**Aim:** Demonstrate the text classifier using Naïve bayes classifier algorithm. 
 
**Program:** Write a program to implement the naive Bayesian classifier for a sample training 
data set stored as a `.CSV` file. Compute the accuracy of the classifier, considering few test 
data sets. 

In [1]:
import csv
import random
import math

def load_csv(filename):
    with open(filename) as file:
        fd = csv.reader(file)
        next(fd)
        return [list(map(float, row)) for row in fd]

def split_dataset(dataset, ratio):
    train_size = int(len(dataset) * ratio)
    random.shuffle(dataset)
    return dataset[:train_size], dataset[train_size:]

def separate_by_class(dataset):
    separated = {}
    for row in dataset:
        cls = row[-1]
        separated.setdefault(cls, []).append(row)
    return separated

def mean(numbers): 
    return sum(numbers) / len(numbers)

def stdev(numbers):
    avg = mean(numbers)
    variance = sum((x - avg) ** 2 for x in numbers) / (len(numbers) - 1)
    return math.sqrt(variance)

def summarize(dataset):
    columns = list(zip(*dataset))
    return [(mean(col), stdev(col)) for col in columns[:-1]]

def calculate_probability(x, mean, stdev): 
    return (1 / (math.sqrt(2 * math.pi) * stdev)) * math.exp(-((x - mean) ** 2 / (2 * stdev ** 2)))

def predict(summaries, x):
    probabilities = {}
    for cls, stats in summaries.items():
        probabilities[cls] = 1
        for i, (mean, stdev) in enumerate(stats):
            probabilities[cls] *= calculate_probability(x[i], mean, stdev)
    return max(probabilities, key=probabilities.get)

def get_accuracy(test_set, predictions):
    correct = sum(1 for i in range(len(test_set)) if test_set[i][-1] == predictions[i])
    return (correct / len(test_set)) * 100

dataset = load_csv('diabetes.csv')
train_set, test_set = split_dataset(dataset, 0.8)
print(f'Split {len(dataset)} rows into training={len(train_set)} and testing={len(test_set)} rows')

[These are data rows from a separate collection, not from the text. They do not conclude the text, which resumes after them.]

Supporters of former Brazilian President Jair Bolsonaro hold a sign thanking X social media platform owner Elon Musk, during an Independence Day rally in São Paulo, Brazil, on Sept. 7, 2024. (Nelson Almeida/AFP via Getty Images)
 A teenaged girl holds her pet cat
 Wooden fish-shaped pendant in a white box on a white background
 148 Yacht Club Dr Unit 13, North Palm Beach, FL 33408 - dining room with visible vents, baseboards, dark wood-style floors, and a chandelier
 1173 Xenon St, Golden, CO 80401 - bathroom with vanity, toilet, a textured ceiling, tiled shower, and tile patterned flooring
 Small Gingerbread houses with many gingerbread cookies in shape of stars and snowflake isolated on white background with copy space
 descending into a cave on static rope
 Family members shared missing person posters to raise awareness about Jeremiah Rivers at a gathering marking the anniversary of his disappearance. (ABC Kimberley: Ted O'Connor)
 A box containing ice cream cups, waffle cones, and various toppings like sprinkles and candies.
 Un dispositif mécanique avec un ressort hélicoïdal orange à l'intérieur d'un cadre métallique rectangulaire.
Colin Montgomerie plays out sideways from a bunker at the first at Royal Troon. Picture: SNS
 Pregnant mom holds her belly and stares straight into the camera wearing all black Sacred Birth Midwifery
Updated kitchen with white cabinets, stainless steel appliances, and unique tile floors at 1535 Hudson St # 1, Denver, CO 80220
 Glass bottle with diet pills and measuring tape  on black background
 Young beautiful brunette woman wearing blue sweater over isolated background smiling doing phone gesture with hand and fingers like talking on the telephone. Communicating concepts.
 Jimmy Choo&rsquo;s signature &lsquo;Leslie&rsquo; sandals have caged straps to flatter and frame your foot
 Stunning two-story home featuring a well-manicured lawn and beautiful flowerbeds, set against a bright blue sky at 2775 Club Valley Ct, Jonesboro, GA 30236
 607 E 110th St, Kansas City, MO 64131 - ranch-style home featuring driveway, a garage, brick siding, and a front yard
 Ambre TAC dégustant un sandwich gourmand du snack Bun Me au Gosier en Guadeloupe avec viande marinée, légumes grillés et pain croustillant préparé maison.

separated = separate_by_class(train_set)
summaries = {cls: summarize(rows) for cls, rows in separated.items()}

predictions = [predict(summaries, row[:-1]) for row in test_set] 
print(f'Classification Accuracy: {get_accuracy(test_set, predictions):.2f}%')

Split 768 rows into training=614 and testing=154 rows
Classification Accuracy: 75.32%


### 1. What is the purpose of the summarize function in the code?

The `summarize` function calculates the mean and standard deviation of each feature in the dataset for each class. These statistics are used to compute the probability of a data point belonging to a particular class.

### 2. Why do we need to separate the dataset by class?

Separating the dataset by class allows us to calculate statistics (like mean and standard deviation) for each feature within each class, which are then used to compute the conditional probabilities required by the Naive Bayes classifier.

### 3. How does the Naive Bayes classifier work?

The Naive Bayes classifier works by calculating the conditional probability of each class given the input features, assuming independence among features. It then selects the class with the highest probability as the predicted class.

### 4. What assumptions does the Naive Bayes classifier make?

The Naive Bayes classifier assumes that the features are conditionally independent given the class label, which is often referred to as the "naive" assumption.

### 5. Why do we use the Gaussian distribution in this implementation?

The Gaussian distribution is used because the Naive Bayes classifier assumes that the continuous features follow a normal distribution. The Gaussian function is used to calculate the likelihood of the data point given the class.